| WHAT TO WORK ON |
Only the lines from the one with "Zpětné zrcátka bmw x5 f15" through the end of the material are wanted, copied exactly and with the pictures left out.

| GIVEN INFORMATION |
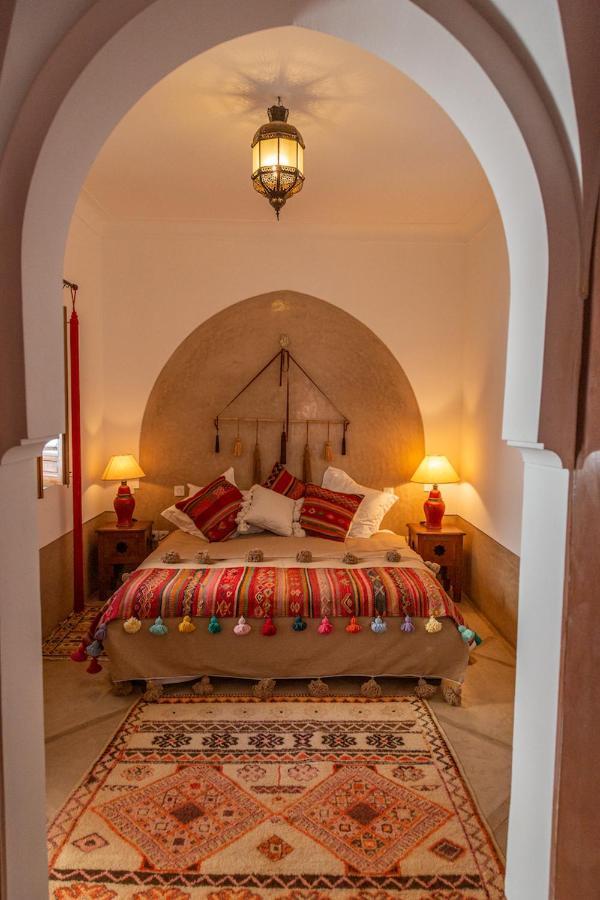 מרקש Riad Dar Talah מראה חיצוני תמונה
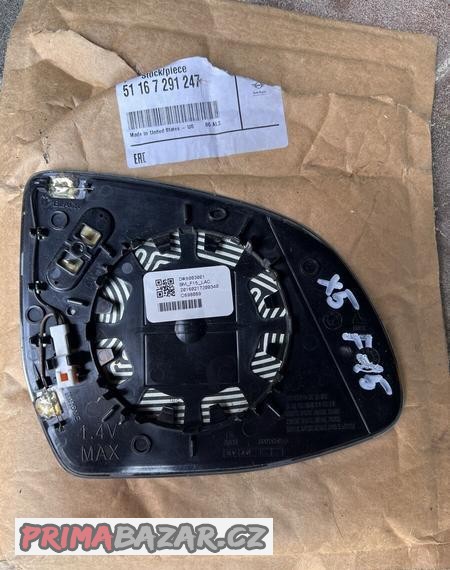 Zpětné zrcátka bmw x5 f15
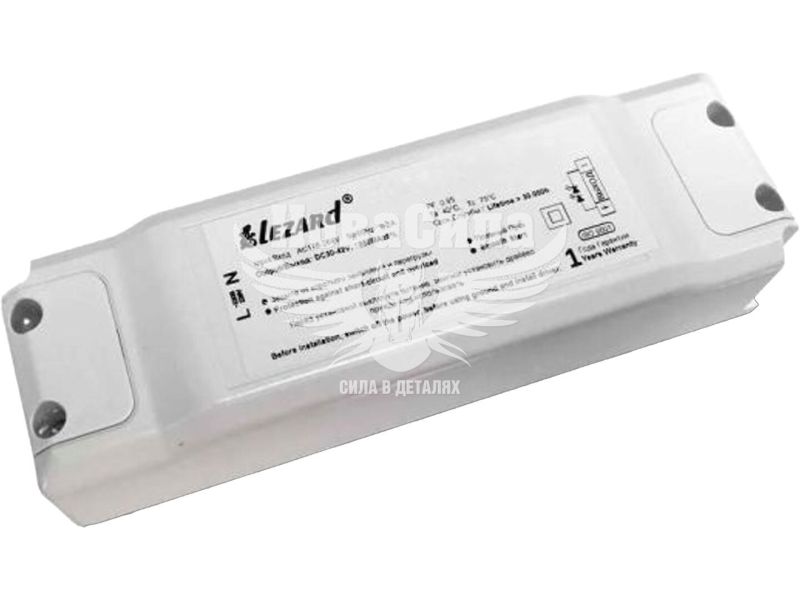 Лед драйвер LEZARD Led Driver IP20 36W (44-LPD-36)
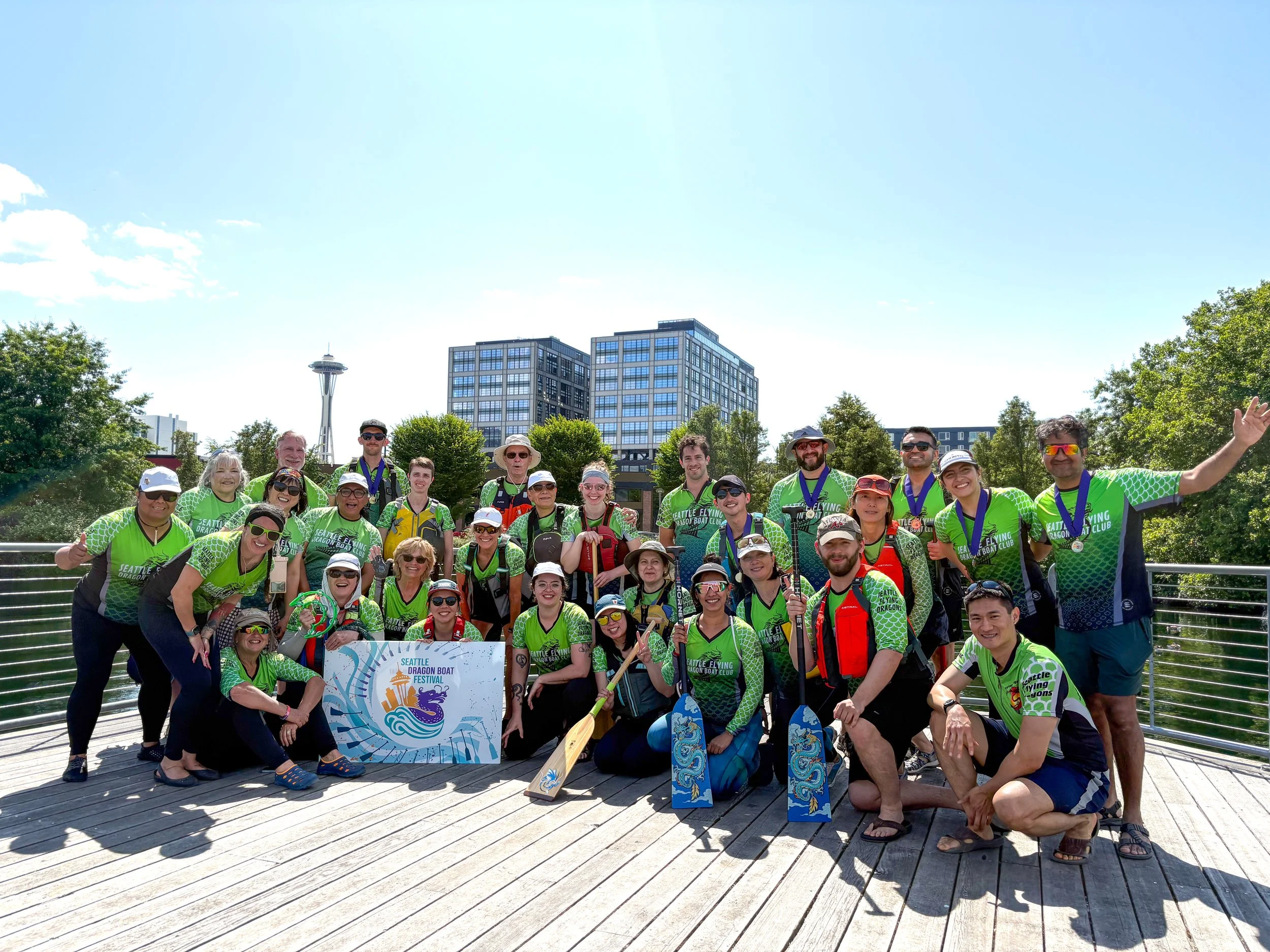 Seattle Flying Dragons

| YOUR SOLUTION |
 Zpětné zrcátka bmw x5 f15
 Лед драйвер LEZARD Led Driver IP20 36W (44-LPD-36)
 Seattle Flying Dragons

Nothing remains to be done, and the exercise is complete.